Poi, con la nuova funzionalità che toglie il numero di like da un post, viene meno la riprova sociale e questo, senza dubbio, si rifletterà sul tasso di engagement; quanto? Lo vedremo nei prossimi mesi.

Influencer, aziende e trasparenza

Quello della trasparenza tra aziende, influencer e utenti è un tema complesso che ha fatto (e fa) molto discutere.

Quando un influencer mostra o parla positivamente di un prodotto sul suo profilo non è sempre chiaro se lo fa in maniera disinteressata (ha scoperto il prodotto, l’ha provato, gli/le è piaciuto e vuole condividerlo con i follower) oppure se la buona recensione è frutto di una transazione commerciale (e quindi la persona è stata pagata per parlarne bene o il prodotto le è stato regalato per poterne parlare).

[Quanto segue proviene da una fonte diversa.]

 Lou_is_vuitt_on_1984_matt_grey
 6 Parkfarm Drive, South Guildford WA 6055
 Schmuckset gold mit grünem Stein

Negli Stati Uniti la Federal Trade Commission obbliga gli influencer che pubblicano post sponsorizzati su Instagram a taggare nel post il brand sponsorizzato e ad inserire come primi hashtag #sponsored o #ad in modo tale che gli utenti possano percepire immediatamente la natura commerciale della pubblicazione.

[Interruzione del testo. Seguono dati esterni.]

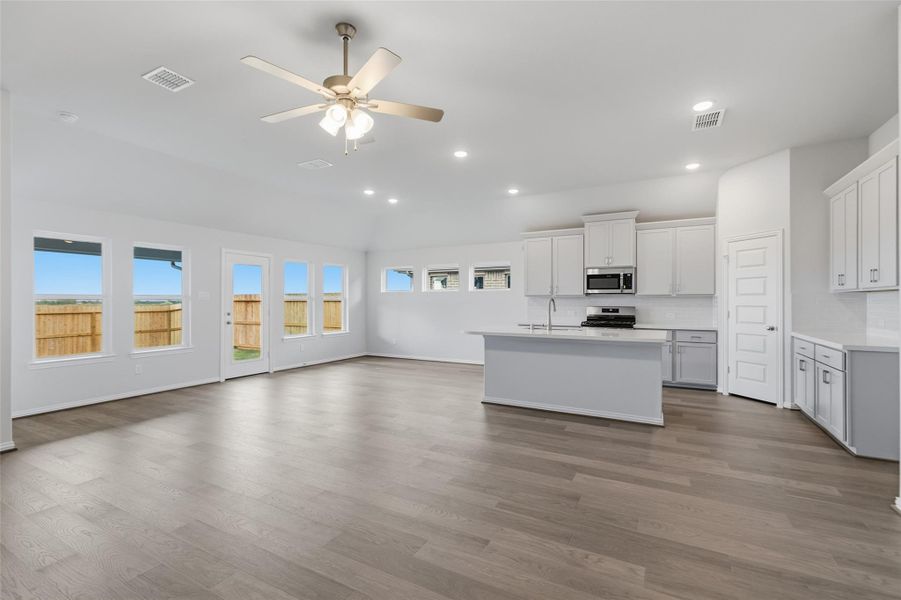 Spacious, unfurnished interior of a new home in Westland Ranch, League City (Image 19). Spacious, unfurnished interior of a new home in Westland Ranch, League City (Image 19).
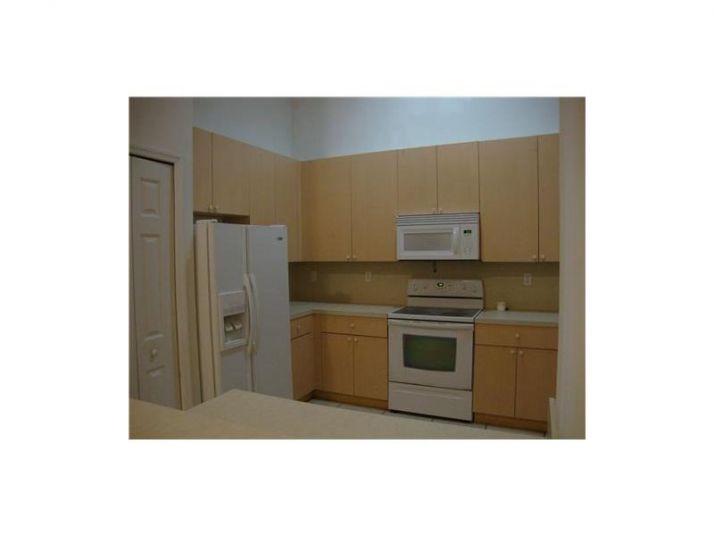 1230 NE 32 AV, Homestead, FL 33033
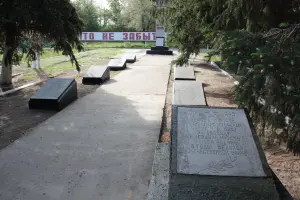 Мемориал-братская могила воинов ВОВ - Россошь, Кашарский район, Ростовская область, фотография 5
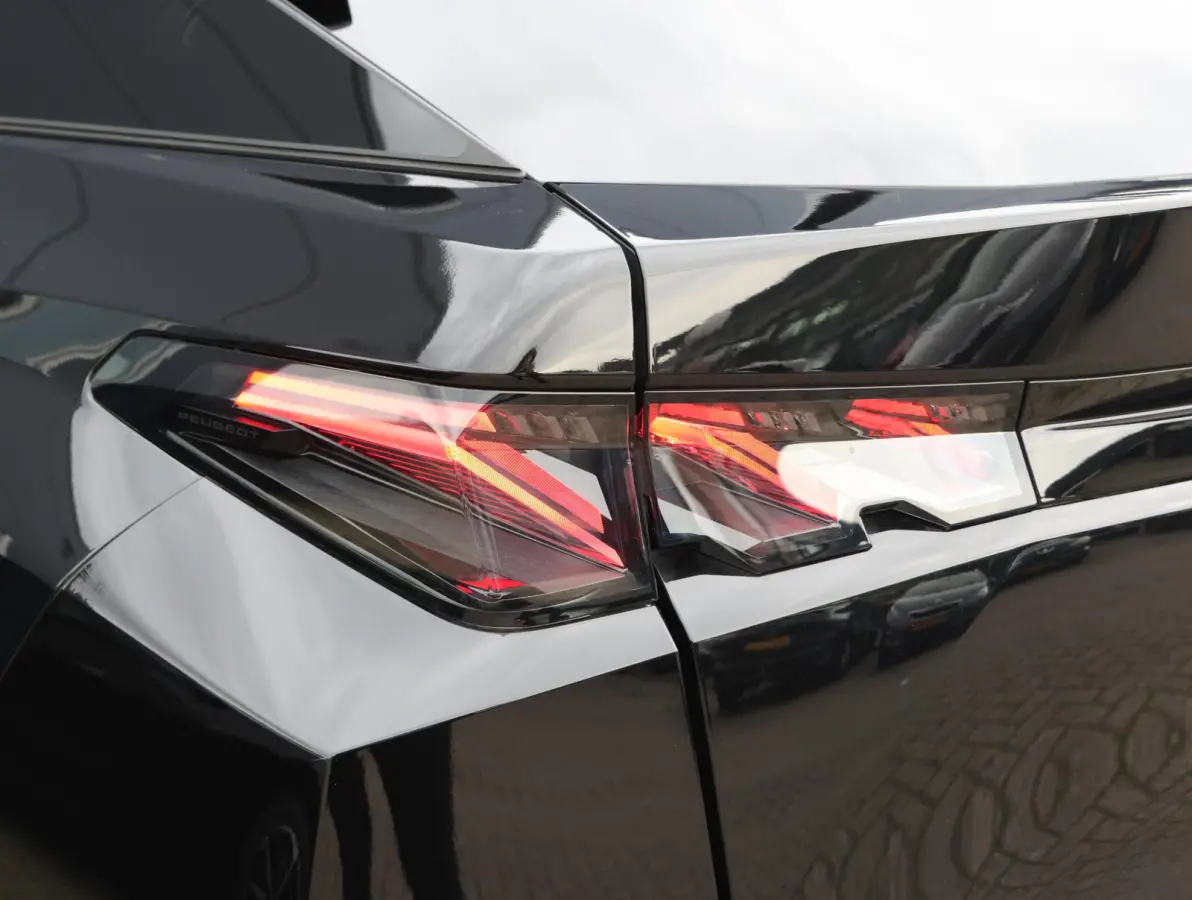 GT Avantage 210 73 kWh | ACCU 97% | Adaptieve Cruise Control | Matrix-LED Koplampen | 20" Lichtmetalen Velgen | Keyless Entry/Start | Apple Carplay/Android Auto |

Fonte immagine: https://skedsocial.com/blog/instagram-sponsored-post/

E in Italia? A parte qualche campagna di persuasione da parte dell’Antitrust che sembra dare buoni frutti (anche se la strada da fare è ancora lunga) al momento non c’è una legge ad hoc, ma l’articolo 23 del Codice del consumo stabilisce che è vietato “dichiarare o lasciare intendere, contrariamente al vero, che il professionista non agisce nel quadro della sua attività commerciale, industriale, artigianale o professionale, o presentarsi, contrariamente al vero, come consumatore”.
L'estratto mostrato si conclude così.